The diorama was created by French taxidermists Èdouard and Jules Verreaux and debuted at the 1867 Paris International Exhibition. It was popular enough that the American Museum of Natural History, in New York City, acquired it in 1869 and displayed it for decades, according to the Carnegie's new signage. The exhibit also appeared at the Centennial Exposition, in 1876, in Philadelphia. In 1898, the American Museum sold it to the then-fledgling Carnegie, for $50. “It has been one of the museum’s most popular exhibits ever since,” says the new signage.
The diorama, long known as “Arab Courier Attacked by Lions,” was renamed “Lions Attacking a Dromedary” after the 2017 refurbishment during which the presence of the skull was first discovered.
The Carnegie calls the diorama an example of the “Orientalist” art popular during the 19th century, which fed Western audiences lurid scenes from purportedly exotic locales. France had extensive colonial holdings in North Africa, where the diorama is set. Baker emphasizes that the diorama is an artwork, not a scientific display. Its inaccuracies include the clothing of the courier, which draws from multiple North African cultures.
Baker said she was shocked to learn that the figure of the rider contained human remains. However, such usages were not unheard of in the mid-19th century. Èdouard and Jules Verreaux, the museum’s signage states, were known to rob the graves of indigenous people for use in their taxidermy creations. In 1830, Jules Verreaux stole the body of a Tswana warrior whose funeral he had witnessed, and preserved and posed it for display. The body was exhibited in a Spanish museum until 1997, after which it was repatriated for burial in Botswana.
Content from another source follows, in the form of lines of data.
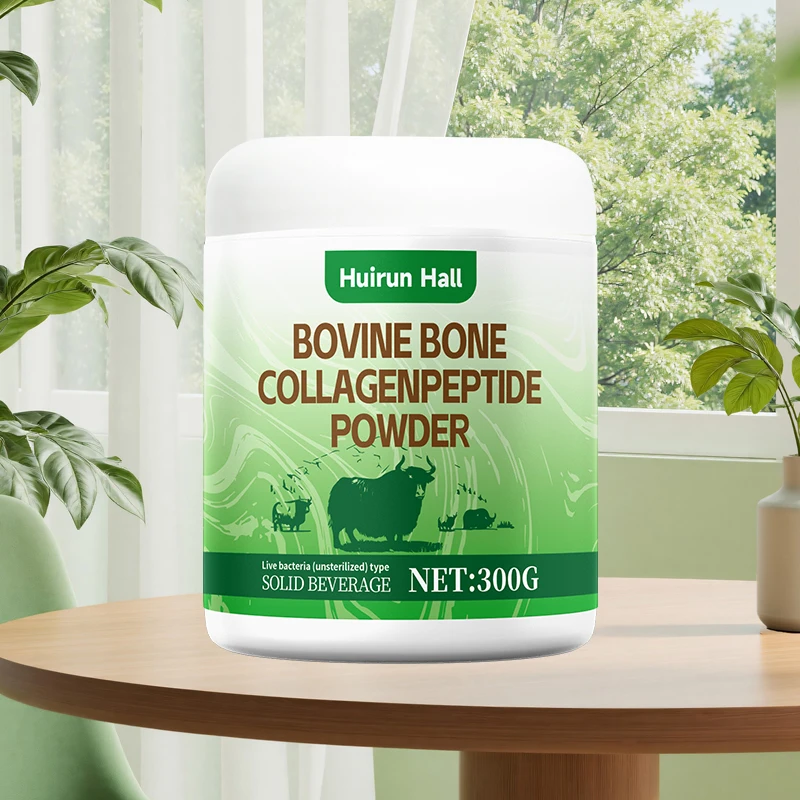 High Purity Bovine Collagen Peptide Powder Hydrolyzed Protein Beverage for Adults Sweet Taste 300g Plastic Bottle 24-Month Shelf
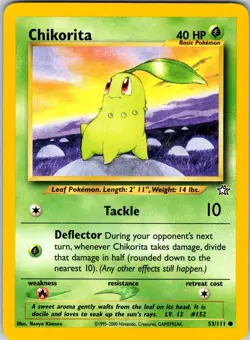 Chikorita (53) 053/111 Neo Genesis Pokemon TCG MP Unlimited - Image 1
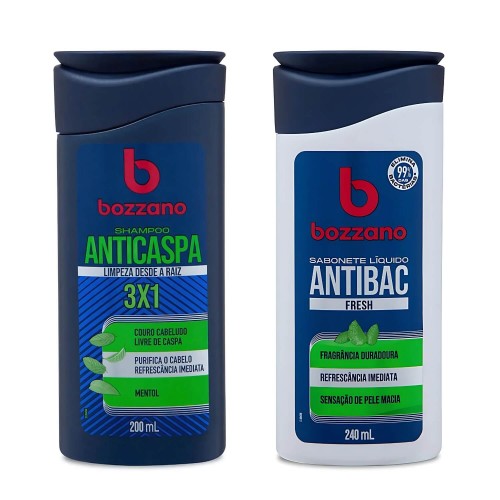 Kit Shampoo 3 em 1 Anticaspa Bozzano + Sabonete Líquido Antibacteriano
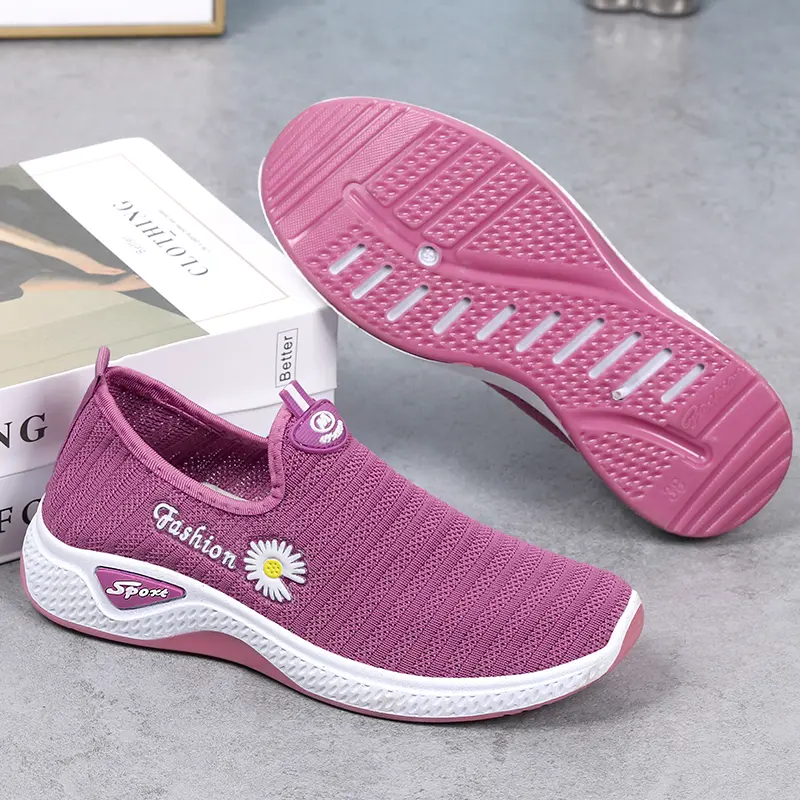 sepatushoe,  SEPATU WANITA SEPATU VIRAL, MOTIF BUNGA , MOTIF KEMBANG daisy flower NEW COLOR 2024 ,SW50 Hitam Karet Casual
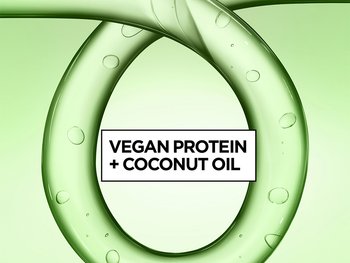 A translucent green gel formula swirls into a large looping, ring-like shape with visible air bubbles suspended throughout, set against a lighter green gradient background, with a white text box in the center reading "VEGAN PROTEIN + COCONUT OIL" highlighting the featured ingredients.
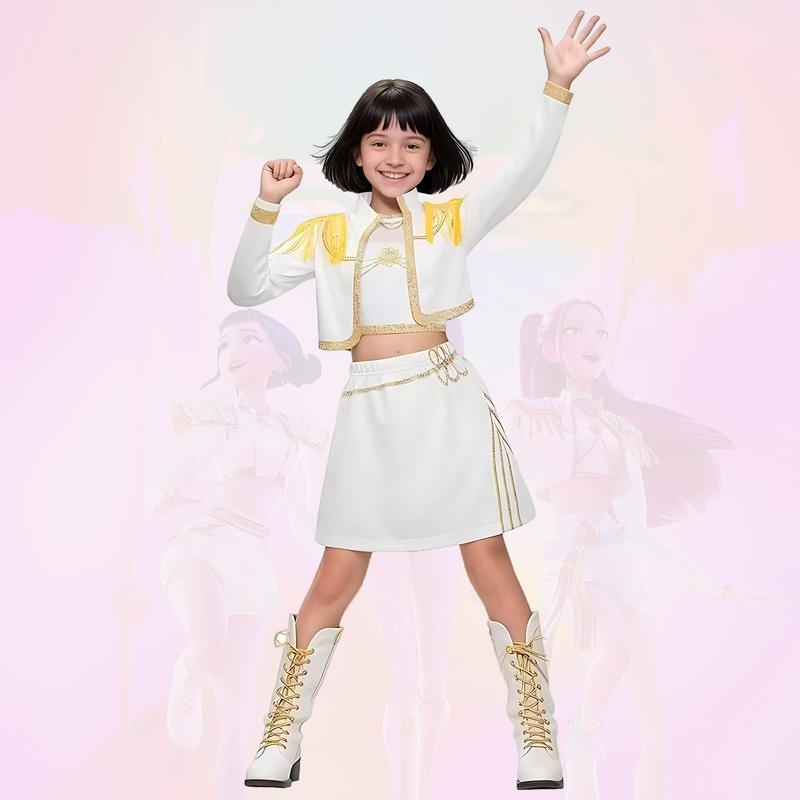 Viral Kpop Demon Hunters Costume for Girls | 3-Piece Dance Set for Halloween, Music Festival & Stage Performance | Trendy Kpop Concert Outfit Viral Kpop Demon Hunters Costume for Girls | 3-Piece Dance Set for Halloween, Music Festival & Stage Performance | Trendy Kpop Concert Outfit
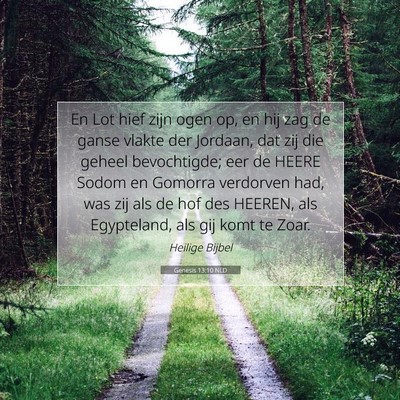Picture 07 - Genesis 13:10 NLD - En Lot hief zijn ogen op, en hij zag de ganse - Bible Verse Picture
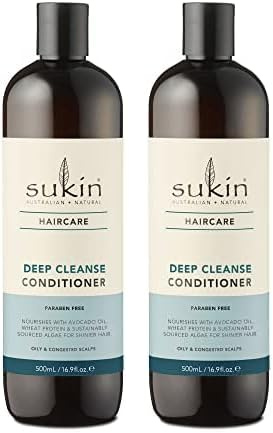 Sukin Deep Cleanse Conditioner 500ml - lightweight with blend of Wheat Protein, Avocado Oil & Algae to leave your hair shiny, smooth and soft. Cruelty free & Vegan friendly. (Pack of 2)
The Carnegie is working on a plan to remove the skull from the diorama and store it in “a sanctuary space in our care,” says the signage. Baker said the skull has not been removed already partly because doing so would require destroying the head of the courier figure, and necessitate deciding how — or whether — to recreate it.
Baker said she knows that the diorama elicits strong reactions from both those who view the diorama positively – and consider the courier heroic – and those who feel traumatized by it.
The museum is currently soliciting feedback on the exhibit through a QR code displayed on the diorama’s glass. Later this summer, a consultant that does inclusion and equity work will begin surveying museum visitors about the exhibit, and focus groups will follow, Baker said.
“This is really an opening up of the museum in a lot of ways, which is messy, but absolutely essential right now,” Baker said.
The skull in the diorama is not the only human remains on display at the Carnegie; other remains are visible in Egypt Hall, for instance. Baker said the museum has a human-remains task force which is working on a plan for salvaging the skull from the sculpture, perhaps by this fall. (Exhibitions of the remains of humans who didn't have the chance to grant or deny permission are not as rare as you might imagine; in 2019, for instance, the Carnegie Science Center hosted the touring show "Mummies of the World.")
Regardless of whether the lion diorama remains on public display, Baker said, “I do not want it to stay where it’s currently located.”
An exhibit that raises so many questions about how museums should operate shouldn’t be among the very first things visitors see, she said. Another option might be relocating the diorama to a less prominent space where it can be better contextualized, she said.